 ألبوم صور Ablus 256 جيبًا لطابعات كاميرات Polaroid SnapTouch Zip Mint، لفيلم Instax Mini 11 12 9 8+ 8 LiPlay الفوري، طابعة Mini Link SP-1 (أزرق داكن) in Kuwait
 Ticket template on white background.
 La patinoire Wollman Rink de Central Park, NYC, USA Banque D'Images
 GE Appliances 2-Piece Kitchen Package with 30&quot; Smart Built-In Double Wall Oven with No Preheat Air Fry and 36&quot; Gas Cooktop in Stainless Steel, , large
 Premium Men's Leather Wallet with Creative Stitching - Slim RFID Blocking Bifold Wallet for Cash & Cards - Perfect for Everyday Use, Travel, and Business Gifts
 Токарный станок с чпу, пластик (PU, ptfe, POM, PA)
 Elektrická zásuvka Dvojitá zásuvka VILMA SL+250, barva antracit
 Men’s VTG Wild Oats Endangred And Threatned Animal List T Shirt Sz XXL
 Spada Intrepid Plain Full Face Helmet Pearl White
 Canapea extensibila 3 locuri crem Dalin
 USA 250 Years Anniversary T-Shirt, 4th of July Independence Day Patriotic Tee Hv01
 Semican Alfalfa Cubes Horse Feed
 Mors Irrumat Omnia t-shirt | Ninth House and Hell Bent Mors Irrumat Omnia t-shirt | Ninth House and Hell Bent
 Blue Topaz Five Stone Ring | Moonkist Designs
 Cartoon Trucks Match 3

What to do » Every line from the start of the material above through the line that contains "La patinoire Wollman" must be written out exactly, with both ends included.

Reply »
 ألبوم صور Ablus 256 جيبًا لطابعات كاميرات Polaroid SnapTouch Zip Mint، لفيلم Instax Mini 11 12 9 8+ 8 LiPlay الفوري، طابعة Mini Link SP-1 (أزرق داكن) in Kuwait
 Ticket template on white background.
 La patinoire Wollman Rink de Central Park, NYC, USA Banque D'Images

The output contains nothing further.